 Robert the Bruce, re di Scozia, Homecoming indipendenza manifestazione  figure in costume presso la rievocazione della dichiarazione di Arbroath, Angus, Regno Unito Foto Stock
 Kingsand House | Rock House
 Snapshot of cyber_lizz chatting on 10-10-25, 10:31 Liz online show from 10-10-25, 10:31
==
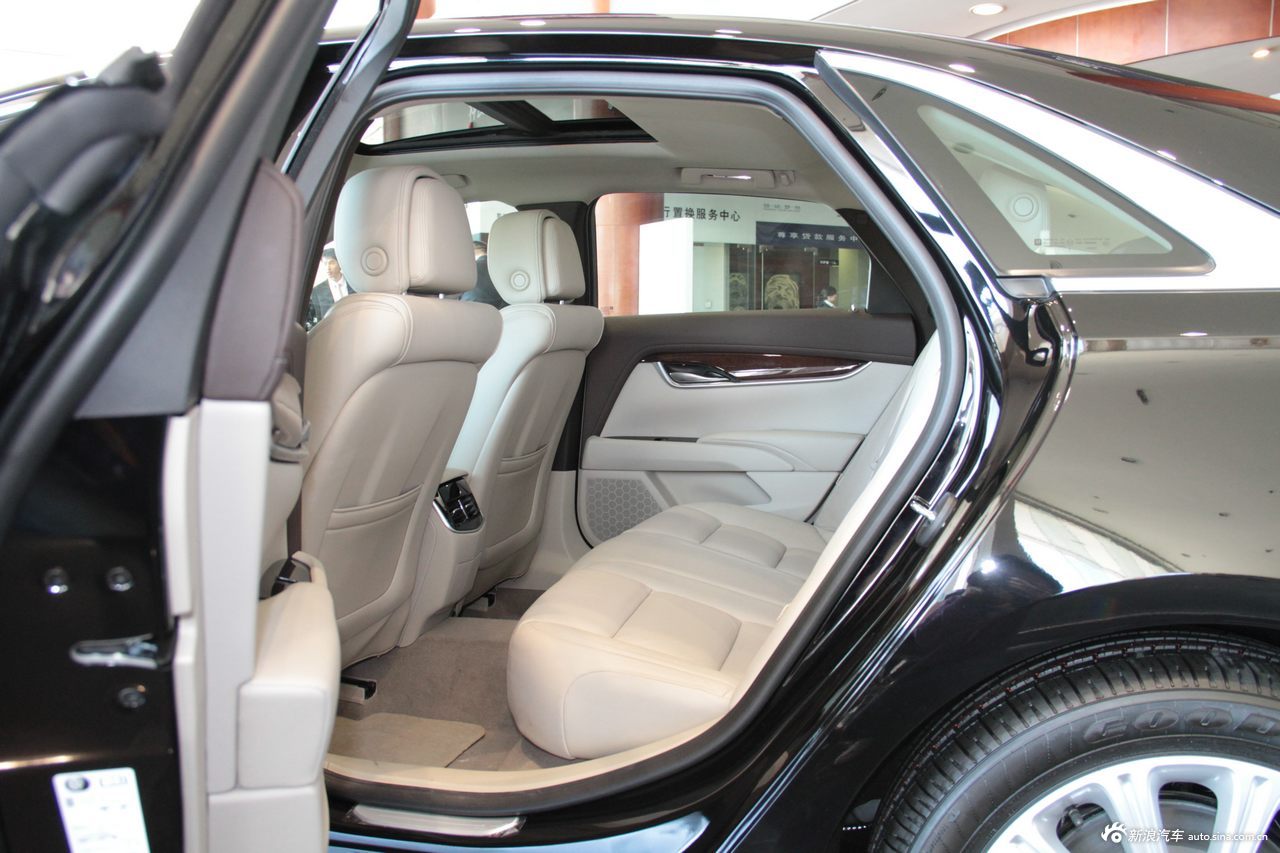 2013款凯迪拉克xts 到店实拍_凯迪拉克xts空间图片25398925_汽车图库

### [Work item]
Among the records above, a stretch begins at the line containing "Robert the Bruce, re" and ends at the line containing "Snapshot of cyber_lizz". Restate that stretch word for word, and nothing else.

### [Exercise result]
 Robert the Bruce, re di Scozia, Homecoming indipendenza manifestazione  figure in costume presso la rievocazione della dichiarazione di Arbroath, Angus, Regno Unito Foto Stock
 Kingsand House | Rock House
 Snapshot of cyber_lizz chatting on 10-10-25, 10:31 Liz online show from 10-10-25, 10:31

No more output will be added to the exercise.